A breve termine, lo sconvolgimento causato da questo annuncio sorprendente potrebbe indebolire il fragile cessate il fuoco a Gaza. Una fonte araba di alto livello mi ha detto che potrebbe essere la sua “campana a morto”.
L'assenza di un piano per la futura governance di Gaza è già una linea di faglia nell'accordo. Ora Trump ne ha fornito uno e, anche se non si concretizzerà, questo fa pressione sulle menti di palestinesi e israeliani.
[…]
benjamin netanyahu donald trump foto lapresse. 2
Quale potrebbe essere la motivazione di Trump?
Il fatto che Trump dica qualcosa non lo rende vero o certo. Le sue affermazioni sono spesso più simili alle mosse di apertura di una trattativa immobiliare che a espressioni della politica consolidata degli Stati Uniti.
Forse Trump sta creando un po' di confusione mentre lavora a un altro piano. Si dice che desideri il premio Nobel per la pace. […]
Mentre il mondo stava digerendo il suo annuncio su Gaza, ha postato sulla sua piattaforma Truth Social il desiderio di un “accordo di pace nucleare verificato” con l'Iran.
Il regime iraniano nega di volere le armi nucleari, ma c'è stato un dibattito aperto a Teheran sul fatto che il regime sia ormai così minacciato da aver bisogno di un deterrente definitivo.

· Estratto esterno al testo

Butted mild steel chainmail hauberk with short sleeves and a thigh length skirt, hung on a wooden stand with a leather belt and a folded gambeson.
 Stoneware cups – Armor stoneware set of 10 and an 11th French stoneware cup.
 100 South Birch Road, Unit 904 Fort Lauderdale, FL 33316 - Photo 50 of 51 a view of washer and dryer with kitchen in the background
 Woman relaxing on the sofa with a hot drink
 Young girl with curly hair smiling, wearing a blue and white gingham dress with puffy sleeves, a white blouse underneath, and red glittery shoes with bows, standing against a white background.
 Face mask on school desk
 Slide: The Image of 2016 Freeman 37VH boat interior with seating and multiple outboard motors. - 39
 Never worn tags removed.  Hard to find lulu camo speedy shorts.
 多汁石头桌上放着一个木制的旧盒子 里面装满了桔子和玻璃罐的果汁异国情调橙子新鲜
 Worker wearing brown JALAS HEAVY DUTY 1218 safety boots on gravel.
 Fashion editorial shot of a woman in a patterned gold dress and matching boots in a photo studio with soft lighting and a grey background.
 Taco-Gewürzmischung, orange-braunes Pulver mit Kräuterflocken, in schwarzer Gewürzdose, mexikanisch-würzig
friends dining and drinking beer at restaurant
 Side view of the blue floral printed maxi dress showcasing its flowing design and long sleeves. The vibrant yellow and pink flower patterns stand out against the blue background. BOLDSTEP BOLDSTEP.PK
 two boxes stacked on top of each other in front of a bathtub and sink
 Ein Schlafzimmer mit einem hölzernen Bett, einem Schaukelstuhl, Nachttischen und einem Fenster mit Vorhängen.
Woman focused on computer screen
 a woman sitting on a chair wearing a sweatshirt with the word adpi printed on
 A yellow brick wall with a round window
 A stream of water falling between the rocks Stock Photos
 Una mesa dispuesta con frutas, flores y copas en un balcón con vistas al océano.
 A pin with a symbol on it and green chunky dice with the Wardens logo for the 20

Per molti anni Netanyahu ha voluto che gli Stati Uniti, con l'aiuto di Israele, distruggessero i siti nucleari iraniani. Un accordo con l'Iran non ha mai fatto parte del suo piano.
benjamin netanyahu donald trump foto lapresse
Durante il primo mandato di Trump, Netanyahu ha condotto una lunga campagna di successo per convincerlo a ritirare gli Stati Uniti dall'accordo nucleare firmato dall'amministrazione di Barack Obama con l'Iran. Se Trump voleva dare alla destra dura israeliana qualcosa che la rendesse felice mentre faceva delle avances agli iraniani, ci è riuscito. Ma ha anche creato incertezza e ha aumentato l'instabilità nella regione più turbolenta del mondo.